##### MATERIAL PROVIDED #####

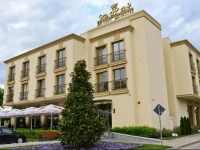 Parish Hotel 2*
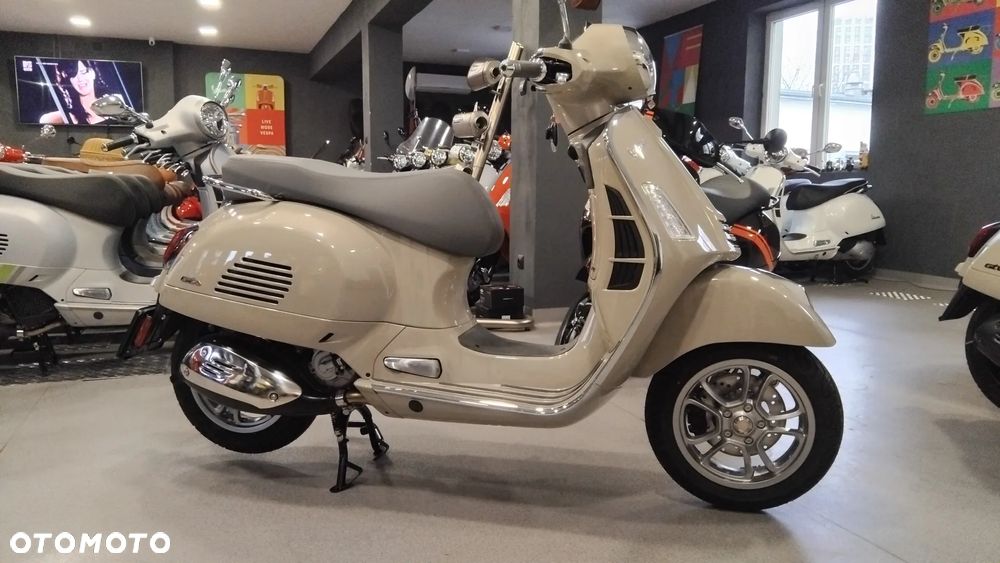 Vespa GTS - 2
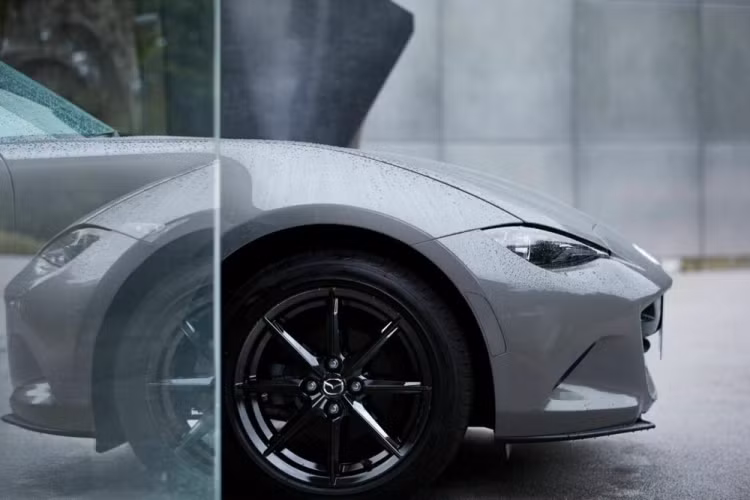 Chưa hết, hãng Mazda còn bổ sung phiên bản đặc biệt mới mang tên Mazda Roadster S Leather Package V Selection cho mẫu xe mui trần này. Phiên bản này kết hợp chất liệu da Nappa màu nâu vàng ở ghế và da tổng hợp ở những khu vực còn lại. 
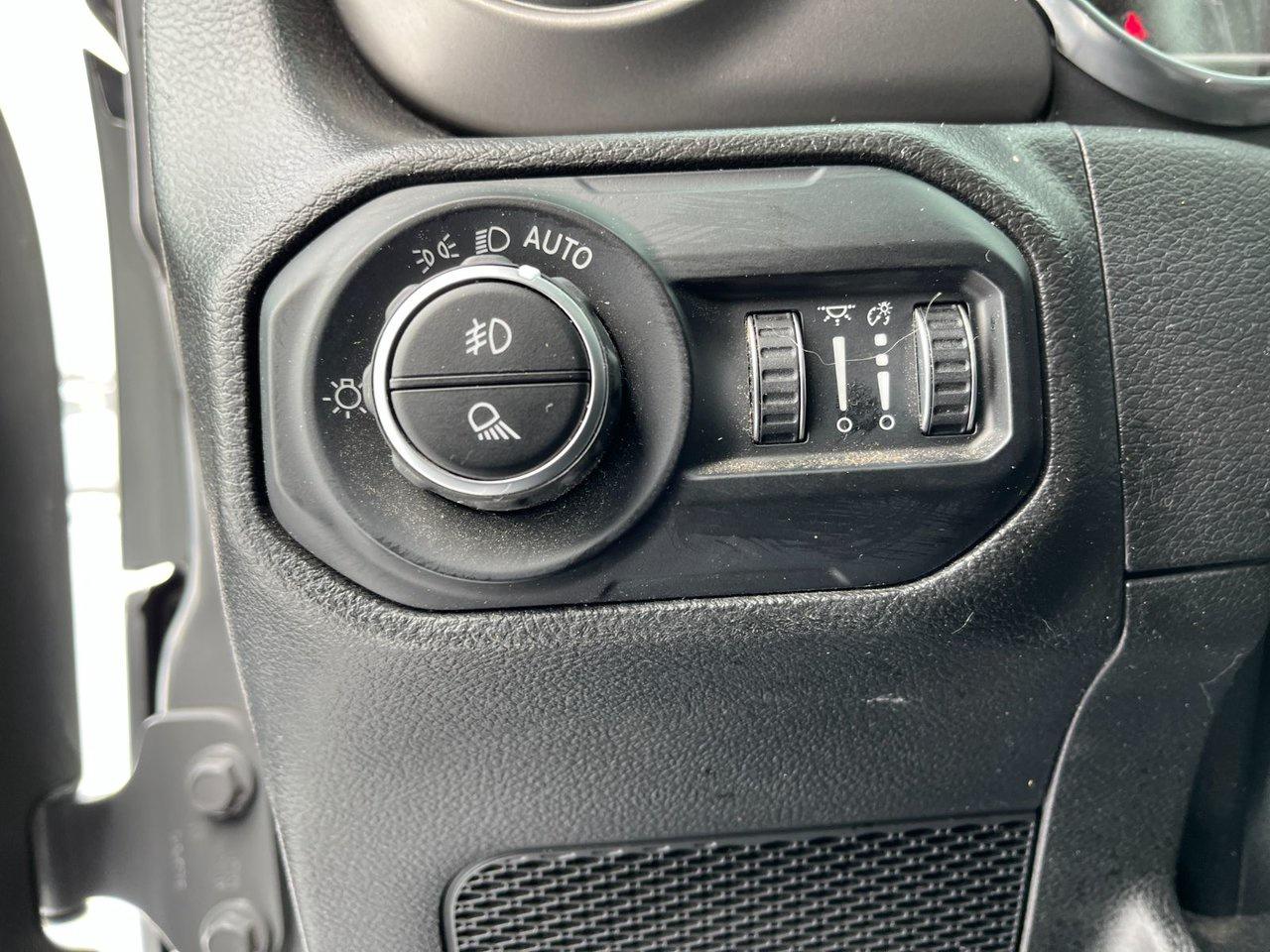 2021 Jeep Gladiator Willys 4x4 Photo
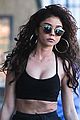 sarah hyland flashes toned tummy after workout session 05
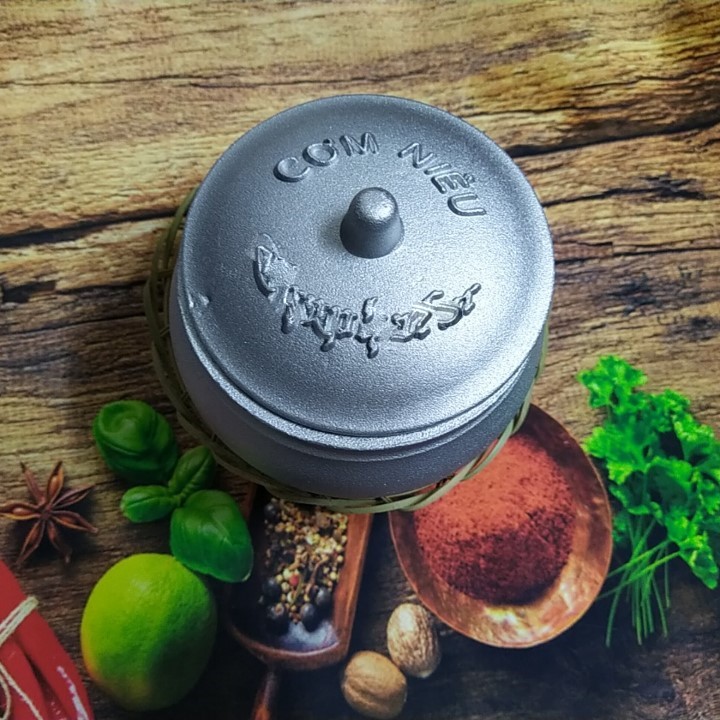 Nồi Cơm Niêu GANG ĐÚC NGUYÊN KHỐI. Dụng cụ nhà bếp nấu tạo cơm cháy đều giòn rụm. Phù hợp dùng gia đình, quán ăn, nhà hàng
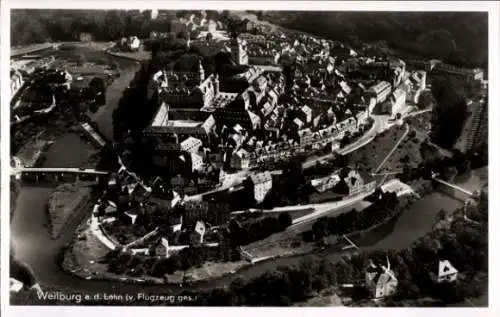 Ak Weilburg an der Lahn Hessen, Luftaufnahme von Weilburg,  Architektur, Flüsse, beeindruckende L
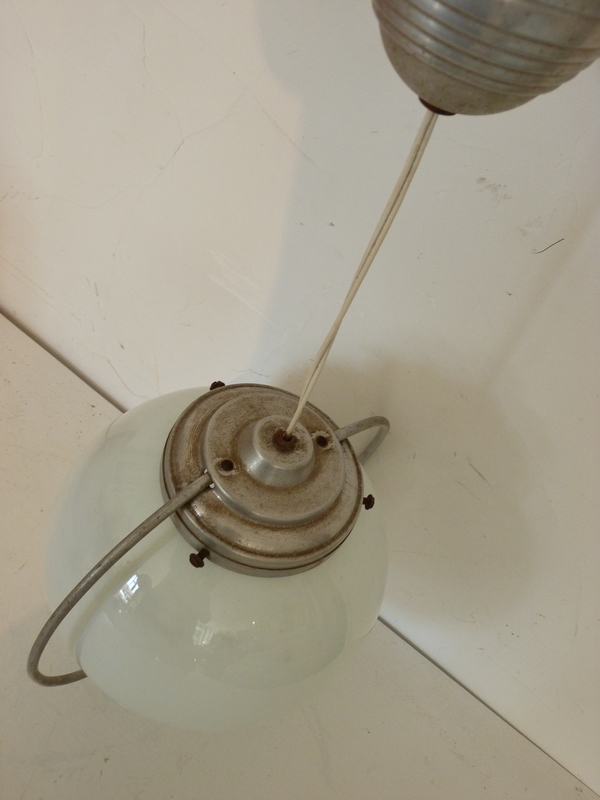 Aluminum and opaline lighting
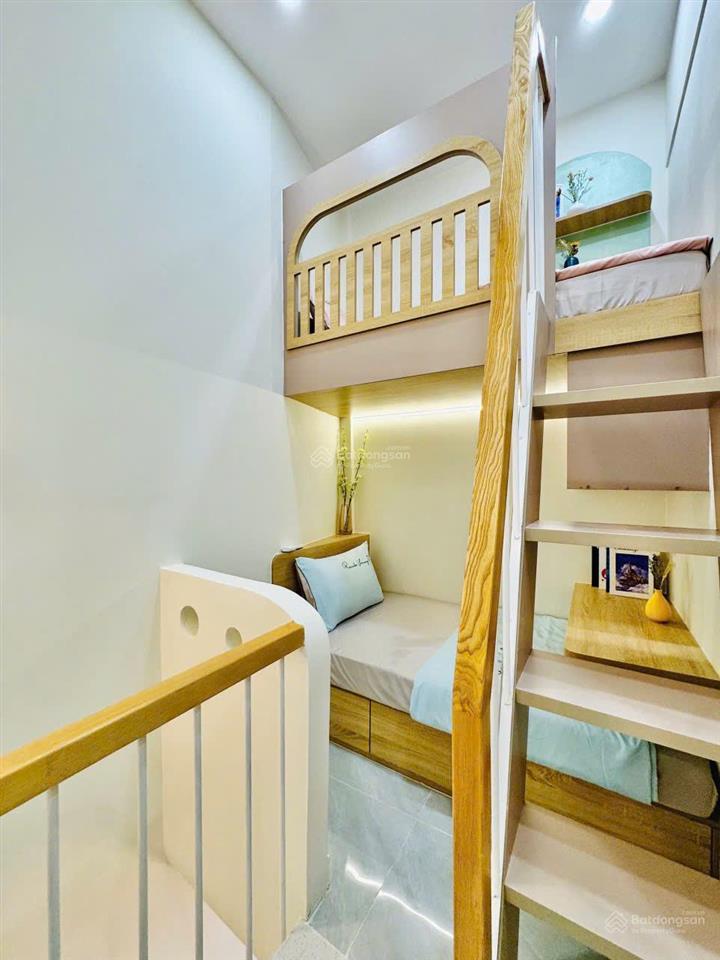 Bán nhà mới 100%  xvnt gần hàng xanh  khu d2  làng đại học  chỉ 3.68 tỷ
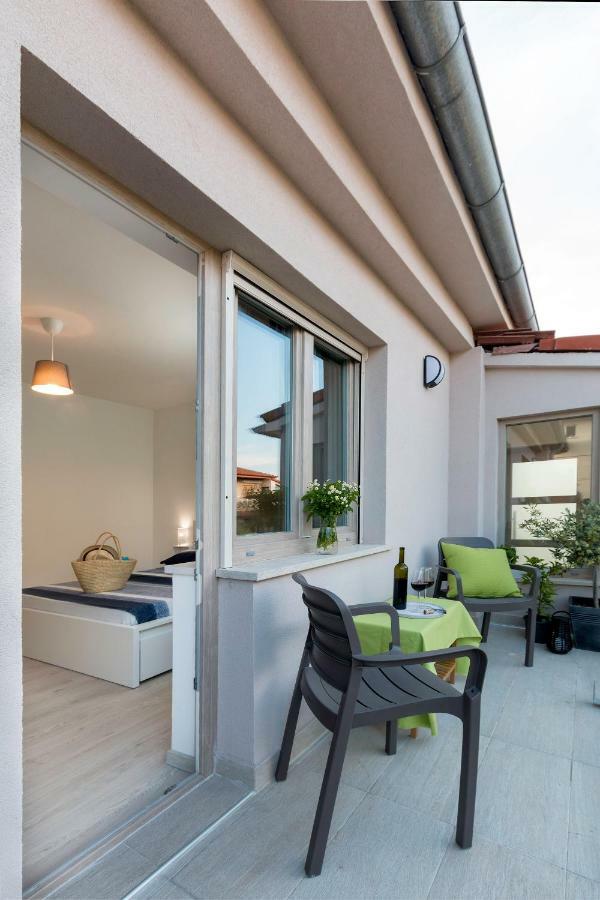 Sunsplash Apartments Pula Exterior foto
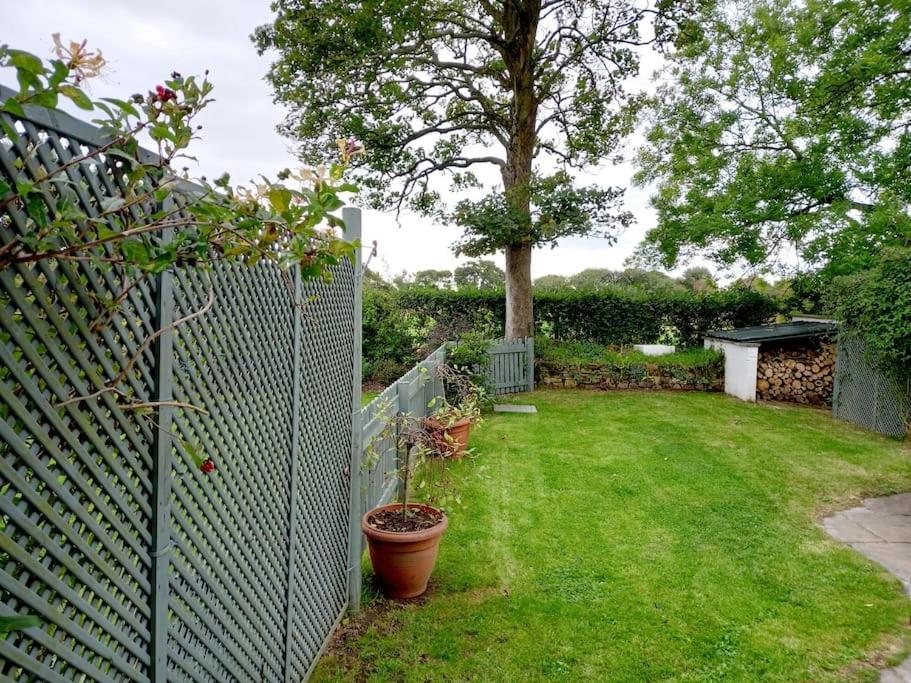 Rhos Y Bel Cottage Angelsey Llangadwaladr  エクステリア 写真
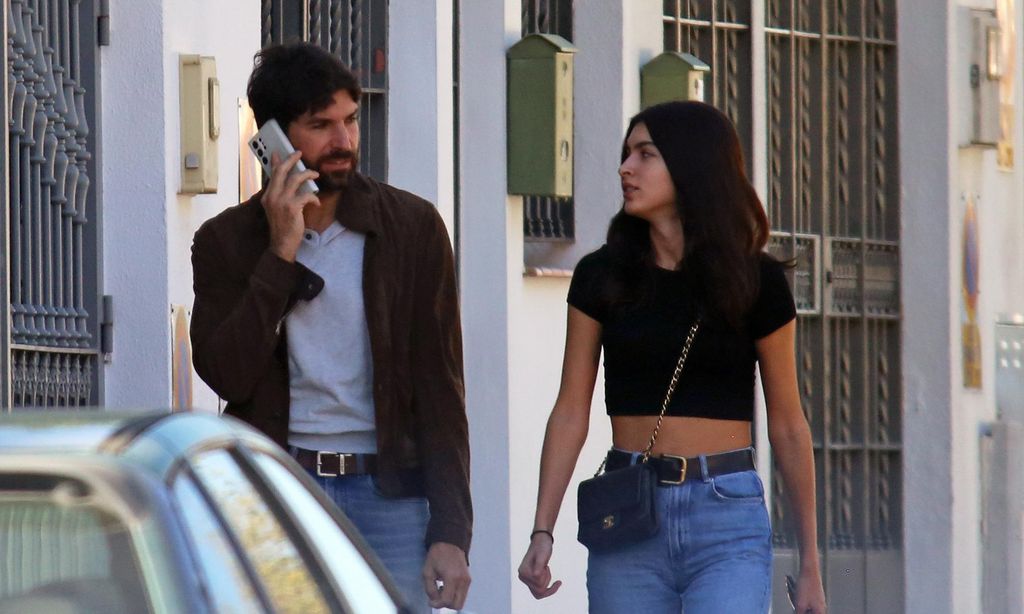 Hola 4139. Cayetano Rivera y Lucía Rivera en Sevilla.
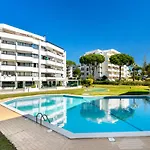 Whome | Vilamoura Sunny Apartment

#####

- PROMPT -
Your answer must be the lines from the one containing "Hola 4139. Cayetano" through the last line of the records, printed exactly with no pictures; please include both ends.

- RESULT OF THE EXERCISE -
 Hola 4139. Cayetano Rivera y Lucía Rivera en Sevilla.
 Whome | Vilamoura Sunny Apartment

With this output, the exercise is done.